His son Richard tweeted: “Very sadly my father passed away yesterday morning very unexpectedly. Rest in peace Dad – we all love you.”
Bron was a controversial figure in the history of Heep. Earlier this year he told Classic Rock‘s Dave Ling how he aligned himself with keyboardist and lead songwriter Ken Hensley: “Ken and I were a great team. I didn’t get on that well with the rest of the band.”
But Heep frontman Mick Box once said of him: “He was very, very open-minded about everything. If you wanted to try something and it was in the realms of what he considered to be sensible, he’d try it and sometimes to great effect, or sometimes you’d try it and he would develop it.”
In 2004 Bron told DMME: “My feeling is that by being a manager and a producer you get better results, because part of production – if it’s good production – is management. Actually, they ought to go together, and I’ve never worked any other way.”

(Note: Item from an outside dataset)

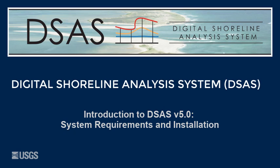Hello and welcome to the USGS series of help videos for the Digital Shoreline Analysis System, or DSAS.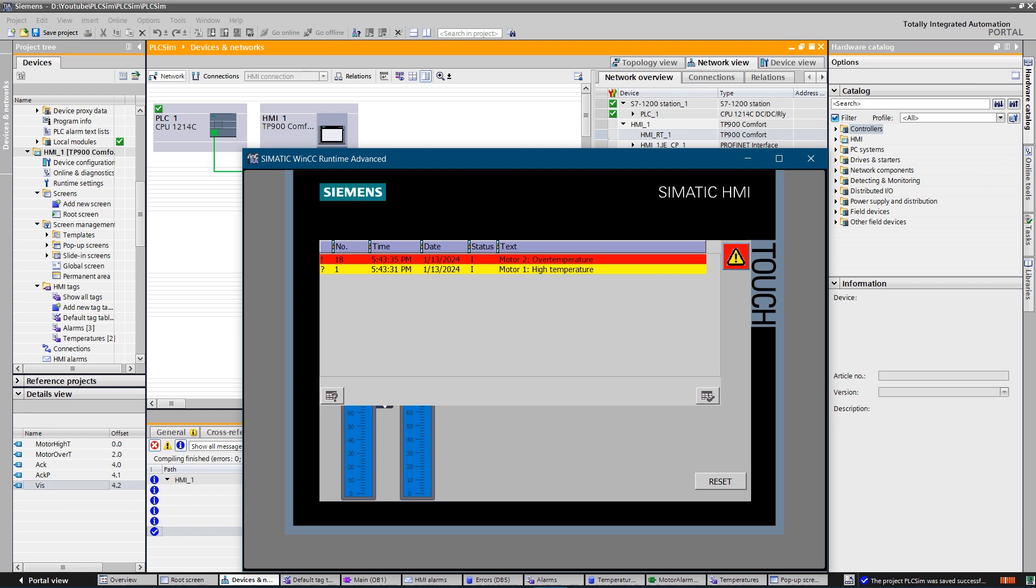Hello YouTubers. This video is a small demo on how to configure alarm view and discrete alarms. Please do not forget to like the video and subscribe to the channel.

An interviewer once asked Bron the question: what do you think is your greatest achievement in life?
He replied: “I suppose that when you die, when you finally leave something behind, I feel I’ve made a series of records that were successful and I think it’s nice to have success. I’m very keen to see other people succeed, I get a lot of pleasure out of people doing well. And I feel I’ve done a little bit of that myself as well. But my greatest achievement – I’ve never really thought about it. Keeping my wife happy, probably.”